■ TASK ITEM
Look in the data below for the line that has "If I know an", then print exactly every line from there through the line that has "So if you have", leaving pictures out.

■ EXERCISE INPUTS
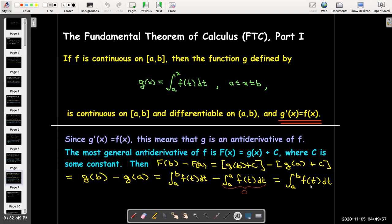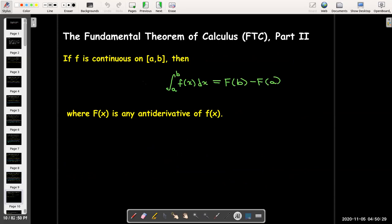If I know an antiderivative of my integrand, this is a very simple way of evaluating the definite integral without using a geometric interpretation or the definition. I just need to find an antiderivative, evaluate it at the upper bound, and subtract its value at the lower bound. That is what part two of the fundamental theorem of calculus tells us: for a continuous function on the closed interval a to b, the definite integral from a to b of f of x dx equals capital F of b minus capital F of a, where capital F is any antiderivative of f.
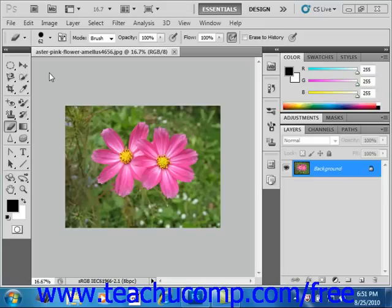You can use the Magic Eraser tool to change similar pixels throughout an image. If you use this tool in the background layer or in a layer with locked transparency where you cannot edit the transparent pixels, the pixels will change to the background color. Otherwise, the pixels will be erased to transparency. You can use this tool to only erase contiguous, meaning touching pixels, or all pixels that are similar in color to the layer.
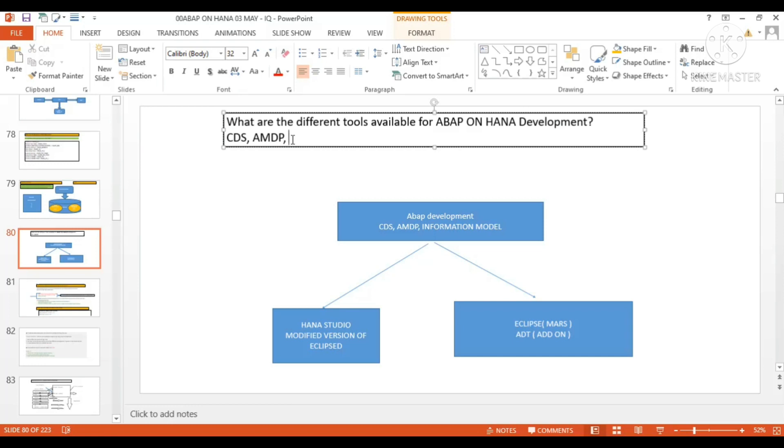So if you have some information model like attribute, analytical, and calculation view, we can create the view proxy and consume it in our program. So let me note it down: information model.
--
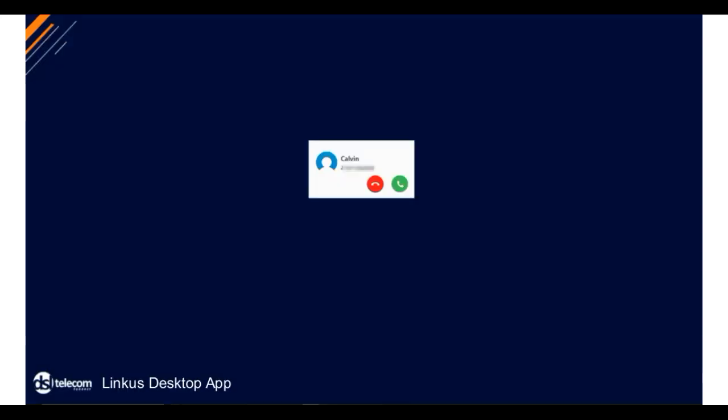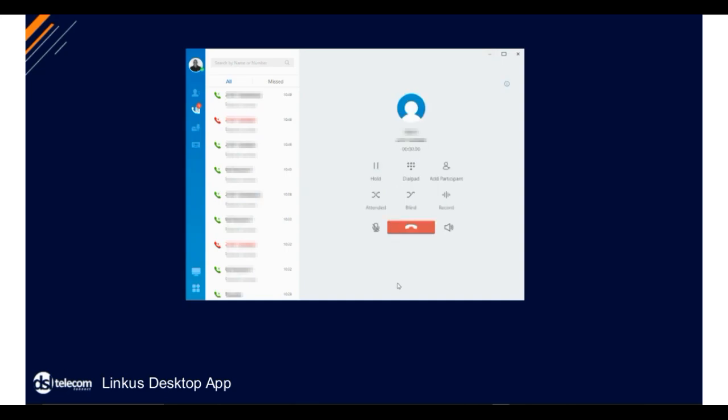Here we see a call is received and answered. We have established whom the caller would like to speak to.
...
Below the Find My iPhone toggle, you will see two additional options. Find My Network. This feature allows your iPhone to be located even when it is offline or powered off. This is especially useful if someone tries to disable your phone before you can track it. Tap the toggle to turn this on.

■ RESPONSE
If I know an antiderivative of my integrand, this is a very simple way of evaluating the definite integral without using a geometric interpretation or the definition. I just need to find an antiderivative, evaluate it at the upper bound, and subtract its value at the lower bound. That is what part two of the fundamental theorem of calculus tells us: for a continuous function on the closed interval a to b, the definite integral from a to b of f of x dx equals capital F of b minus capital F of a, where capital F is any antiderivative of f.
You can use the Magic Eraser tool to change similar pixels throughout an image. If you use this tool in the background layer or in a layer with locked transparency where you cannot edit the transparent pixels, the pixels will change to the background color. Otherwise, the pixels will be erased to transparency. You can use this tool to only erase contiguous, meaning touching pixels, or all pixels that are similar in color to the layer.
So if you have some information model like attribute, analytical, and calculation view, we can create the view proxy and consume it in our program. So let me note it down: information model.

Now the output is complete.